Global warming and other climate changes due to over-industrialization coupled with depleting natural resources were the primary reasons why the Kyoto protocol happened, which is an international treaty established in order to commit State parties to the reduction of greenhouse gases emission based on the premises that global warming exists and that man made CO2 emissions have caused the same. Under said arrangement, carbon emissions or lack thereof, are converted to an “economic commodity” and the same are traded in the form of carbon credits.

The carbon credit market works on a concept known as “polluter pays” and cap and trade principle. Notably however, countries like USA, India and China do not have mandatory caps.

The easiest way to explain the CCS is with an example. Assume that two companies, A and B, in the same sector have been given a carbon emission allowance of 10 tons that is to say that they can release 10 tons in the atmosphere unfettered. Now, A being a company relying on wind-power emits only 8 tons in contrast to B emitting 12 tons due to being powered by coal. The CCS allows A to sell his surplus credits (two carbon credits as it is the difference between permissible and actual emission) to B so that B can pay for exceeding the emission level.

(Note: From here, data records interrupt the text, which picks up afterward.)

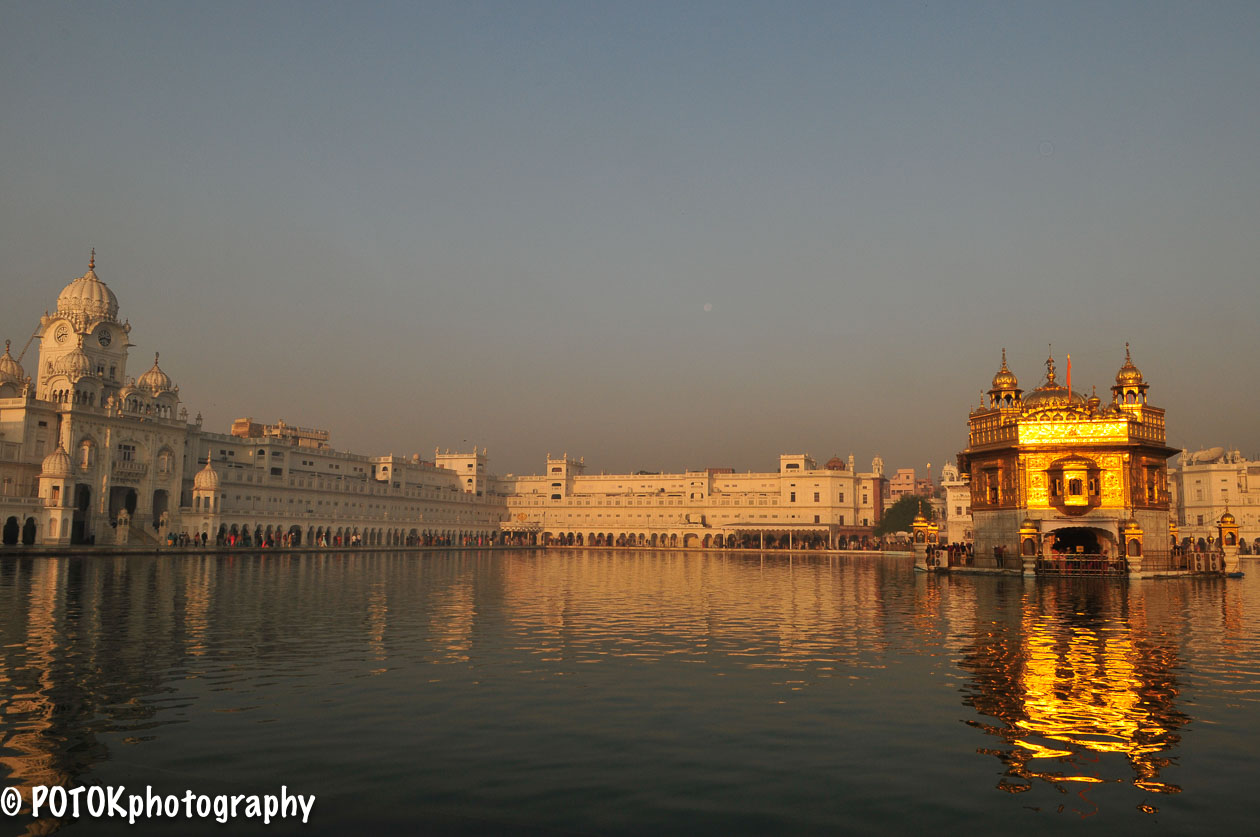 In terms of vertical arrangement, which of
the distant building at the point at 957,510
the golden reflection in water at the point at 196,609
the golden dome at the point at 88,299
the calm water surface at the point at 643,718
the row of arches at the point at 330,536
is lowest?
the calm water surface at the point at 643,718

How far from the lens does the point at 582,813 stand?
7.75 metres

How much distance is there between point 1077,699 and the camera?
1250 centimetres

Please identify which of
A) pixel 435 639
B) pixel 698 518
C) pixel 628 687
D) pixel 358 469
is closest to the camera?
pixel 628 687

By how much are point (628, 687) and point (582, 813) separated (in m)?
5.59

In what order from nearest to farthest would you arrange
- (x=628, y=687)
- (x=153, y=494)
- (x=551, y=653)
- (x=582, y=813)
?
(x=582, y=813) → (x=628, y=687) → (x=551, y=653) → (x=153, y=494)

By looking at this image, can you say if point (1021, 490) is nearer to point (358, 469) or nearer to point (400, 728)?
point (400, 728)

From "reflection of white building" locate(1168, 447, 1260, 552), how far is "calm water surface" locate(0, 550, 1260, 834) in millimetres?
87157

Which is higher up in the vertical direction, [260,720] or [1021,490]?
[1021,490]

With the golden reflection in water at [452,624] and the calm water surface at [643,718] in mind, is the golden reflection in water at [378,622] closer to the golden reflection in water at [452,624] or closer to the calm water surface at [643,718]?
the calm water surface at [643,718]

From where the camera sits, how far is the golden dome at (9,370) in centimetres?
6962

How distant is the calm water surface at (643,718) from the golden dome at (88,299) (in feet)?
192

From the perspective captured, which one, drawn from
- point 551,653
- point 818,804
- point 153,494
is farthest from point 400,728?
point 153,494

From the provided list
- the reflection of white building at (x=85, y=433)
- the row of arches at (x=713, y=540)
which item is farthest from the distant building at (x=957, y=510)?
the reflection of white building at (x=85, y=433)

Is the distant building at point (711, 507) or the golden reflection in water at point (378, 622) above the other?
the distant building at point (711, 507) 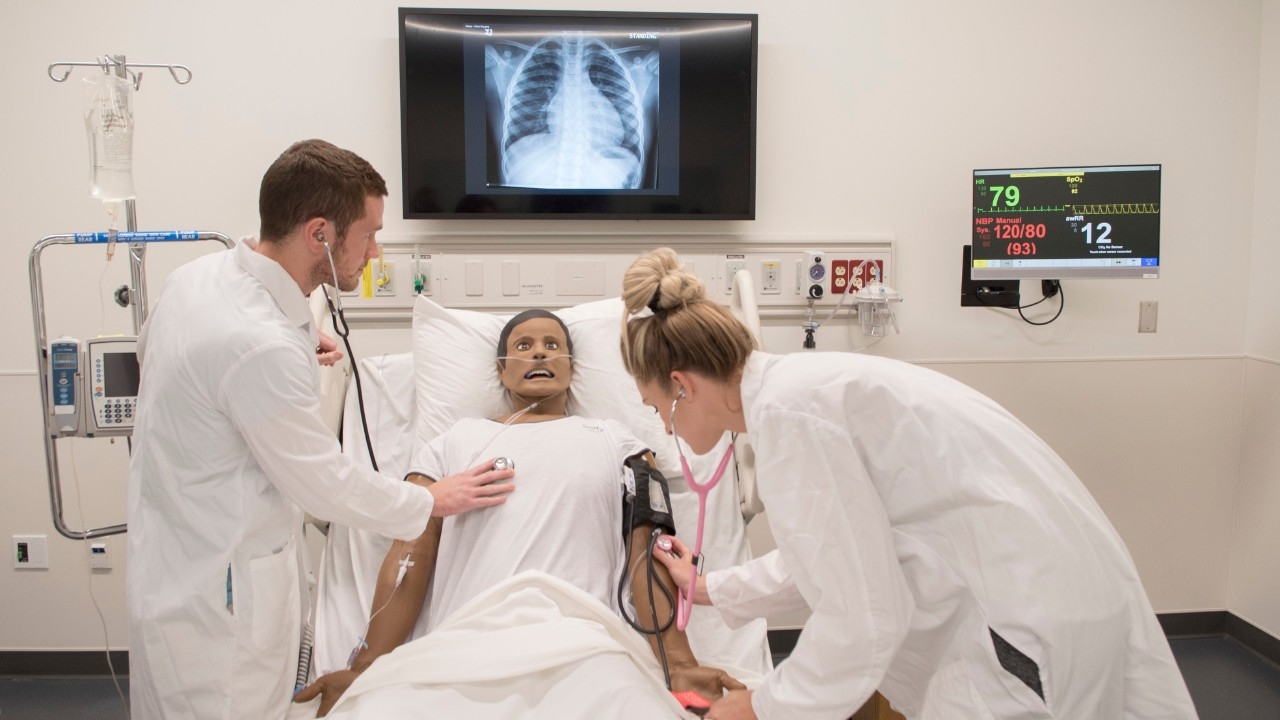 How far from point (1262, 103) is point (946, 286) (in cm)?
118

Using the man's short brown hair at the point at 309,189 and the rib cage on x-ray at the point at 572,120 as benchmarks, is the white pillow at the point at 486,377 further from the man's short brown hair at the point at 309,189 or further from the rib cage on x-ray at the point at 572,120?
the man's short brown hair at the point at 309,189

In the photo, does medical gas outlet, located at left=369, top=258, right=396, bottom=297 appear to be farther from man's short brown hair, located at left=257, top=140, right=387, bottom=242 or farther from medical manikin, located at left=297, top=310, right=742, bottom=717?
man's short brown hair, located at left=257, top=140, right=387, bottom=242

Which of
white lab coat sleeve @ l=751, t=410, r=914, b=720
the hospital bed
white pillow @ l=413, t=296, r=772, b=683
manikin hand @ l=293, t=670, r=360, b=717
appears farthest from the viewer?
white pillow @ l=413, t=296, r=772, b=683

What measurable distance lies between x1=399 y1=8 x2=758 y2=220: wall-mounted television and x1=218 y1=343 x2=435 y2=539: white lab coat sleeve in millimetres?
1285

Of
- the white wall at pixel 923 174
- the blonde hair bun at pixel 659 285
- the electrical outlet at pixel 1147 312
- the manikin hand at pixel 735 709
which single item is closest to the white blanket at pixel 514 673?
the manikin hand at pixel 735 709

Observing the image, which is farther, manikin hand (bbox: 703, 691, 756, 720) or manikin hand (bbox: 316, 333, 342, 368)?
manikin hand (bbox: 316, 333, 342, 368)

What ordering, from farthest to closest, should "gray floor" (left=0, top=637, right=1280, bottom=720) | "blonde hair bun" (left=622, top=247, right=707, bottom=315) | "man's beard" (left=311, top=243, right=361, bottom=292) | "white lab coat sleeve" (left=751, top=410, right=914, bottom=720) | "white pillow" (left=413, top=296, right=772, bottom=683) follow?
"gray floor" (left=0, top=637, right=1280, bottom=720) < "white pillow" (left=413, top=296, right=772, bottom=683) < "man's beard" (left=311, top=243, right=361, bottom=292) < "blonde hair bun" (left=622, top=247, right=707, bottom=315) < "white lab coat sleeve" (left=751, top=410, right=914, bottom=720)

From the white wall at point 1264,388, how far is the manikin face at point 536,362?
2284mm

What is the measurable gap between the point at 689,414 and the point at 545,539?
0.75 meters

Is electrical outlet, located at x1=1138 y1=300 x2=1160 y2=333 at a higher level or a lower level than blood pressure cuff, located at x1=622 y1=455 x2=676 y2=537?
higher

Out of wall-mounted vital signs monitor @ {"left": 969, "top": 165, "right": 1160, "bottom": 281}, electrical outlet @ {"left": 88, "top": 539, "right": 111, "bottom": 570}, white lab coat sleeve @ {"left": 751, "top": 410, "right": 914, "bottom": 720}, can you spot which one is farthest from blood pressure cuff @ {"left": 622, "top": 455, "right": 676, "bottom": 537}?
electrical outlet @ {"left": 88, "top": 539, "right": 111, "bottom": 570}

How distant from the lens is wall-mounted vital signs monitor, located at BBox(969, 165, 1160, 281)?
2.61 meters

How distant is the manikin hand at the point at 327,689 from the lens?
1.75 metres

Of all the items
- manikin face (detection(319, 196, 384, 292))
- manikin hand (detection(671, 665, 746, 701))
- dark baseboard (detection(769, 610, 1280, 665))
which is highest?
manikin face (detection(319, 196, 384, 292)) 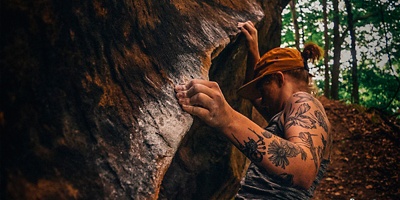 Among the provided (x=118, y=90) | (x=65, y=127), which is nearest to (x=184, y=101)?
(x=118, y=90)

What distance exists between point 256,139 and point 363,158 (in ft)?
25.4

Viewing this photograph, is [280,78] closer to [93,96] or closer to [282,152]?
[282,152]

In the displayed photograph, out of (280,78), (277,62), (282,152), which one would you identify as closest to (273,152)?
(282,152)

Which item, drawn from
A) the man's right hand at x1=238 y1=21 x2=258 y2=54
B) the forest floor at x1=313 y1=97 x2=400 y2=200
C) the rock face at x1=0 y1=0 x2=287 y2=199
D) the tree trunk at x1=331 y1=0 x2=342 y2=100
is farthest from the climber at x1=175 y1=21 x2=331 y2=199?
the tree trunk at x1=331 y1=0 x2=342 y2=100

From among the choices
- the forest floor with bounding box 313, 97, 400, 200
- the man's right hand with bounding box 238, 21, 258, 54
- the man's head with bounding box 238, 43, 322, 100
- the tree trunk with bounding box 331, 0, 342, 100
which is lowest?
the forest floor with bounding box 313, 97, 400, 200

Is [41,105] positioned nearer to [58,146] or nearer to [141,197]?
[58,146]

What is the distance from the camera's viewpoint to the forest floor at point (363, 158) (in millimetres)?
7902

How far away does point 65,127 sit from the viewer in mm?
1635

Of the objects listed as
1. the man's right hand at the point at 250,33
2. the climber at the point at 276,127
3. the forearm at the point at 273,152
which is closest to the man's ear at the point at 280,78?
the climber at the point at 276,127

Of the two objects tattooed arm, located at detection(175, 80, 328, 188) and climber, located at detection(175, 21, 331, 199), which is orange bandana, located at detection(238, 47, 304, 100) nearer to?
climber, located at detection(175, 21, 331, 199)

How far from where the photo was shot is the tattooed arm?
2189 millimetres

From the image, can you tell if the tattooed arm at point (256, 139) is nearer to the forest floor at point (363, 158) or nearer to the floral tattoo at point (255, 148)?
the floral tattoo at point (255, 148)

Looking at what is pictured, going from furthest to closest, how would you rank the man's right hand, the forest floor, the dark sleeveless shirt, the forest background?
1. the forest background
2. the forest floor
3. the man's right hand
4. the dark sleeveless shirt

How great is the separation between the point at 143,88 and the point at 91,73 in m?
0.39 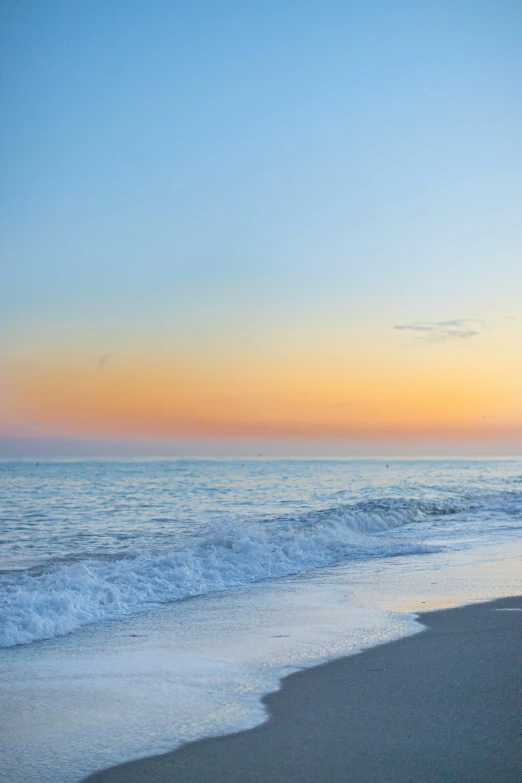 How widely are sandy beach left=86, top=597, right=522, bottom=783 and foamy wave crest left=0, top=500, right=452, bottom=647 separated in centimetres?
396

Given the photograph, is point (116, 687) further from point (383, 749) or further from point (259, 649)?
point (383, 749)

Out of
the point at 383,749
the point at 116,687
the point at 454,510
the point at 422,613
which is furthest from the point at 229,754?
the point at 454,510

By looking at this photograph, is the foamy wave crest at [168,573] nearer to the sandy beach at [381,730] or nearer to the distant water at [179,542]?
the distant water at [179,542]

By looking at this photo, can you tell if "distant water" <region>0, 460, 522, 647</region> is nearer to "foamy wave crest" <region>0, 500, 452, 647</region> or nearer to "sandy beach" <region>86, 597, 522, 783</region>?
"foamy wave crest" <region>0, 500, 452, 647</region>

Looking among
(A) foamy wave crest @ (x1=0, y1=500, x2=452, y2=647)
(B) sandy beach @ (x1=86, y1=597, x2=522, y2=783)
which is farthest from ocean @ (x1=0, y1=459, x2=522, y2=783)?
(B) sandy beach @ (x1=86, y1=597, x2=522, y2=783)

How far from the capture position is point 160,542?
16.5 m

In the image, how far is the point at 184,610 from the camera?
9.23m

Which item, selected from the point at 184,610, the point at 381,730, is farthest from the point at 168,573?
the point at 381,730

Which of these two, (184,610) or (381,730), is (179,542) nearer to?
(184,610)

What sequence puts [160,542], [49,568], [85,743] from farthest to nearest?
1. [160,542]
2. [49,568]
3. [85,743]

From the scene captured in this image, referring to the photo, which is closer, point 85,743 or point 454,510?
point 85,743

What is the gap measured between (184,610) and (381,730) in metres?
5.13

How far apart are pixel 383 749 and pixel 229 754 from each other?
95 cm

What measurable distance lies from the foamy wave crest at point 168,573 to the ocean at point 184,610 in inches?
1.5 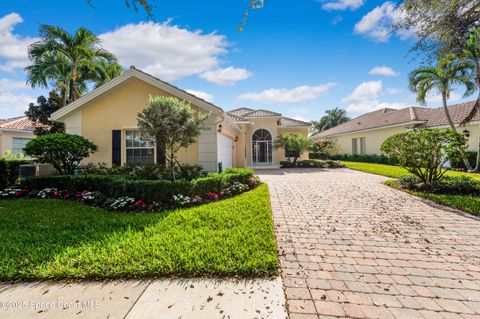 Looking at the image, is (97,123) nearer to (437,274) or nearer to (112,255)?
(112,255)

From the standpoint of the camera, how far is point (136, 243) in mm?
3883

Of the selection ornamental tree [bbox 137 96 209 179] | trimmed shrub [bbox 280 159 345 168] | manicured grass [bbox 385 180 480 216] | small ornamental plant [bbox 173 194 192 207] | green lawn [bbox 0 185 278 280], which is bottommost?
green lawn [bbox 0 185 278 280]

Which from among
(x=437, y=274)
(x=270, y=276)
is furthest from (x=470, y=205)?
(x=270, y=276)

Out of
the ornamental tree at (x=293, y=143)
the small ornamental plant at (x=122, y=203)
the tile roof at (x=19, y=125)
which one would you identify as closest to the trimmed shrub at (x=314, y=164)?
the ornamental tree at (x=293, y=143)

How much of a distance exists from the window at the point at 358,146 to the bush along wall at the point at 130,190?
2260 centimetres

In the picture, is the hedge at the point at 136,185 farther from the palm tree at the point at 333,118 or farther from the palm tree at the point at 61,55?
the palm tree at the point at 333,118

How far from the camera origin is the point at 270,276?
2992mm

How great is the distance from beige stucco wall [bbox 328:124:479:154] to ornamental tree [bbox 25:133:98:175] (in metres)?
23.3

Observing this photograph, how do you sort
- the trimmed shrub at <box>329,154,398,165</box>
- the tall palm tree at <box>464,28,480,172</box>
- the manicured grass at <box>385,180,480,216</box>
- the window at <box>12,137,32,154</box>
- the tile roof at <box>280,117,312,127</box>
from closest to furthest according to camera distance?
the manicured grass at <box>385,180,480,216</box> < the tall palm tree at <box>464,28,480,172</box> < the window at <box>12,137,32,154</box> < the trimmed shrub at <box>329,154,398,165</box> < the tile roof at <box>280,117,312,127</box>

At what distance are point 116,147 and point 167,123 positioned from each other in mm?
4630

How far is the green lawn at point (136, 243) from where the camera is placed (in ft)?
10.2

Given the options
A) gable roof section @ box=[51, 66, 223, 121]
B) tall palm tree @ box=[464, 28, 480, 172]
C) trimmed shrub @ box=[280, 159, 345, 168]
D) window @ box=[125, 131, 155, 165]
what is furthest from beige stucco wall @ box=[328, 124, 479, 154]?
window @ box=[125, 131, 155, 165]

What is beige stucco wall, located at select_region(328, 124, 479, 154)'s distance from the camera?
15.6 meters

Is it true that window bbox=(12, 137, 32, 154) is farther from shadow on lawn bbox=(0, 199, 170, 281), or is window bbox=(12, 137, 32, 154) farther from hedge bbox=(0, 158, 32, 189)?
shadow on lawn bbox=(0, 199, 170, 281) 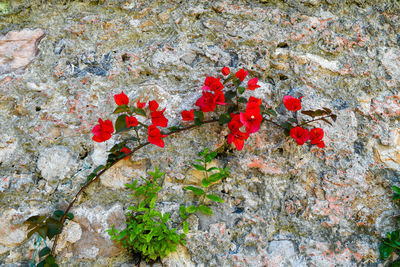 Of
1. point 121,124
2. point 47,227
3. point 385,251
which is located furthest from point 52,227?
Result: point 385,251

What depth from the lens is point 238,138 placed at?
138cm

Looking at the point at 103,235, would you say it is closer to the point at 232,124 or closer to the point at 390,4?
the point at 232,124

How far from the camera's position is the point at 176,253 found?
136cm

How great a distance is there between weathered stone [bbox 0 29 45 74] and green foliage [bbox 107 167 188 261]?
0.88 m

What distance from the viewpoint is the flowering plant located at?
130 cm

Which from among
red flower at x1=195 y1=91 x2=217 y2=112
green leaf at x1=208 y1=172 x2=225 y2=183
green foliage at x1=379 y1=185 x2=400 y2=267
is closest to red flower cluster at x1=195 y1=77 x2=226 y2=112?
red flower at x1=195 y1=91 x2=217 y2=112

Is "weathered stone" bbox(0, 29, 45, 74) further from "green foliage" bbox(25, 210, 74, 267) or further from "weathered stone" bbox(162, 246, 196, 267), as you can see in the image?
"weathered stone" bbox(162, 246, 196, 267)

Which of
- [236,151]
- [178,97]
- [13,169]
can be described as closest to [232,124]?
[236,151]

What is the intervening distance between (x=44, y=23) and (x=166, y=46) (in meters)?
0.69

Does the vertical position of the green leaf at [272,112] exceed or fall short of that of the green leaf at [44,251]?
it exceeds it

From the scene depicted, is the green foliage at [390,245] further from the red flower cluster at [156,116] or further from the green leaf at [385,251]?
the red flower cluster at [156,116]

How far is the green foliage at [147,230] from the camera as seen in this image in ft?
4.27

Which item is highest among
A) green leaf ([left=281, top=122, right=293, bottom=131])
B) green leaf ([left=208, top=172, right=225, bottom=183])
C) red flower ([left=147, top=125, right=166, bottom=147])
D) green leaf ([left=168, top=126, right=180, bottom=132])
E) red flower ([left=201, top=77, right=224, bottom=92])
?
red flower ([left=201, top=77, right=224, bottom=92])

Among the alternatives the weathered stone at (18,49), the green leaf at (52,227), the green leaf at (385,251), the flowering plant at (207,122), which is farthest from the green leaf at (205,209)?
the weathered stone at (18,49) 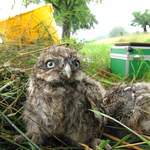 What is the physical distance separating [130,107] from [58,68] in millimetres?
959

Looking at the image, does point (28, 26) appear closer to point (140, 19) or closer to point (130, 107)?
point (130, 107)

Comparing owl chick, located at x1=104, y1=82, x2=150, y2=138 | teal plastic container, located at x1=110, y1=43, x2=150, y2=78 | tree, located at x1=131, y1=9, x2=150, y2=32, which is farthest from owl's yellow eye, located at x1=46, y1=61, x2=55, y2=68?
tree, located at x1=131, y1=9, x2=150, y2=32

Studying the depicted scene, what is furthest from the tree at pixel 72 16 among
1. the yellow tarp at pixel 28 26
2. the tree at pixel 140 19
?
the tree at pixel 140 19

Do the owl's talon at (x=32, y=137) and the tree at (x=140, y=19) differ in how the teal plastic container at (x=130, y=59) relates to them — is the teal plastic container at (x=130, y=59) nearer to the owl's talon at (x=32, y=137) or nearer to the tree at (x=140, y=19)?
the owl's talon at (x=32, y=137)

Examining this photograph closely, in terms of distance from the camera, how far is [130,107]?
1.46 meters

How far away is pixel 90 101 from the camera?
116cm

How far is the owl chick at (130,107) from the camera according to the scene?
1401mm

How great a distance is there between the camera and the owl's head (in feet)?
3.29

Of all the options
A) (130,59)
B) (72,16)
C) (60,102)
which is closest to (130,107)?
(60,102)

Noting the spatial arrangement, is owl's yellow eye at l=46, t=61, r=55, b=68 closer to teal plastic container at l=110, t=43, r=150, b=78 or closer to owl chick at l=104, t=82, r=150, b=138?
owl chick at l=104, t=82, r=150, b=138

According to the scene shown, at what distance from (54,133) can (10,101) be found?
2.15ft

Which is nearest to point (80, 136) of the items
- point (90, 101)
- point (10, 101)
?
point (90, 101)

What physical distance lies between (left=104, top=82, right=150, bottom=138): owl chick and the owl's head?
28.0 inches

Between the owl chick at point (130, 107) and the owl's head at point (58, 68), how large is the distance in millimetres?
712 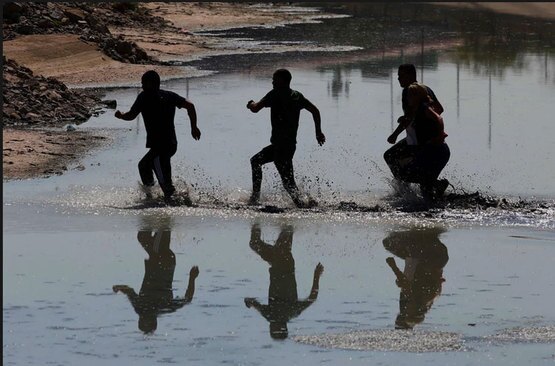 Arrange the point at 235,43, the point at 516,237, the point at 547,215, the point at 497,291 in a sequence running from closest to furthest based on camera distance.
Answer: the point at 497,291, the point at 516,237, the point at 547,215, the point at 235,43

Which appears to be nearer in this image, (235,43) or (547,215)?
(547,215)

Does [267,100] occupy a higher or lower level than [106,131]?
higher

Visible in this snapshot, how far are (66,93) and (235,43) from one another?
55.0ft

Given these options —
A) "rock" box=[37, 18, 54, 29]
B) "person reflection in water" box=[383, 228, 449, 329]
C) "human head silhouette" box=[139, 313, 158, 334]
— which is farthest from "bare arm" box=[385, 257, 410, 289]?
"rock" box=[37, 18, 54, 29]

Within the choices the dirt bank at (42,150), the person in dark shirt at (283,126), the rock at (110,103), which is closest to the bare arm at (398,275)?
the person in dark shirt at (283,126)

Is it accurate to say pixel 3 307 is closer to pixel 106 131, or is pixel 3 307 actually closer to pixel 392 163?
pixel 392 163

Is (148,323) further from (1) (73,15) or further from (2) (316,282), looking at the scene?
(1) (73,15)

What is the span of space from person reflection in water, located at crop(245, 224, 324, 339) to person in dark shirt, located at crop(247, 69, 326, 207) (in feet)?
4.16

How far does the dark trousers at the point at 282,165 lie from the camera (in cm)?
1622

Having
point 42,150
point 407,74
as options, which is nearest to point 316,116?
point 407,74

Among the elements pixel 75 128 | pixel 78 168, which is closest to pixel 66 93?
pixel 75 128

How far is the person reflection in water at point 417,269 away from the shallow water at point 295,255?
26 mm

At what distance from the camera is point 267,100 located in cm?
1608

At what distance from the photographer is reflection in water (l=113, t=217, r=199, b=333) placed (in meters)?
11.4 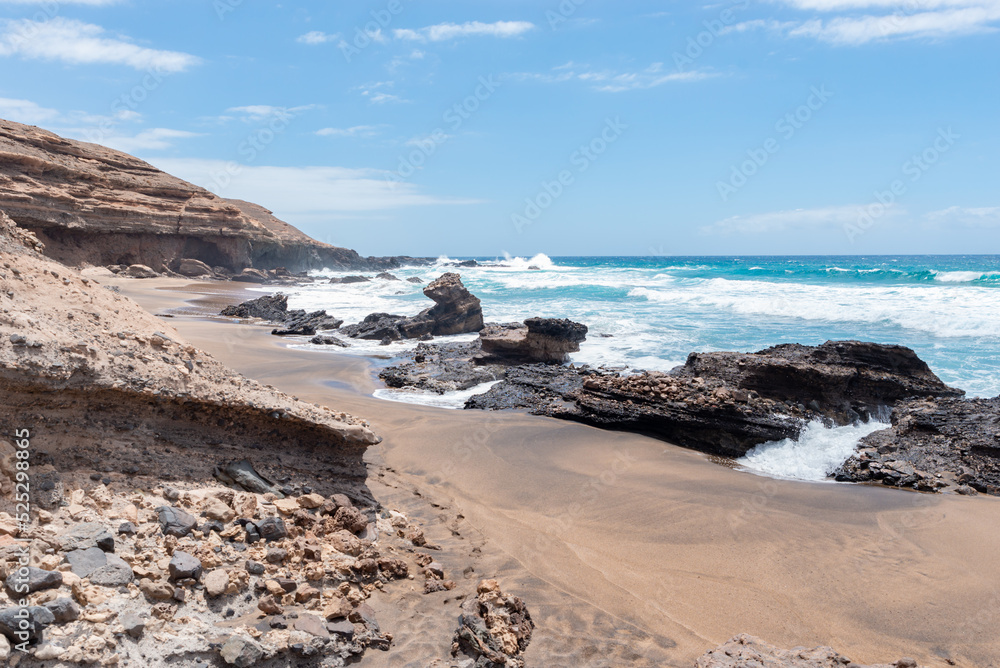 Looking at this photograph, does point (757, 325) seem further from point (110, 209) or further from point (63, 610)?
point (110, 209)

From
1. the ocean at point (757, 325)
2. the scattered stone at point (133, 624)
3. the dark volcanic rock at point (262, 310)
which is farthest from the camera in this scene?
the dark volcanic rock at point (262, 310)

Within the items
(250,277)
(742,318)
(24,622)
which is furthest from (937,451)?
(250,277)

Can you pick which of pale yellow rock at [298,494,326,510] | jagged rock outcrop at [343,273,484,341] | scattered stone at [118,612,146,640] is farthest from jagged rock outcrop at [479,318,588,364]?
scattered stone at [118,612,146,640]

As we can see, this procedure encourages companies to make changes in order to reduce their gas emissions and respect their allotted amount. The companies who surpass their allowable emissions must pay for the surplus by buying more permits. Another important aspect is that it encourages companies to emit less in order to acquire extra profit by selling their right to pollute.

Of course, like any scheme, his too has been subject to a lot of criticism, the key ones being listed below.

While Carbon credits are often hailed as a savior as the polluters pay for the pollution, the issue of fake carbon credits has been propping up for quite some time now, with companies investing into dams solely for the purpose of credits and not for the benefit a dam offers in itself. This is problematic since the dam then undermines the objective of the Kyoto protocol and causes increased problems.

It is left to the international community to see then and consider truly whether market mechanisms can ever properly solve the problems created by the market itself.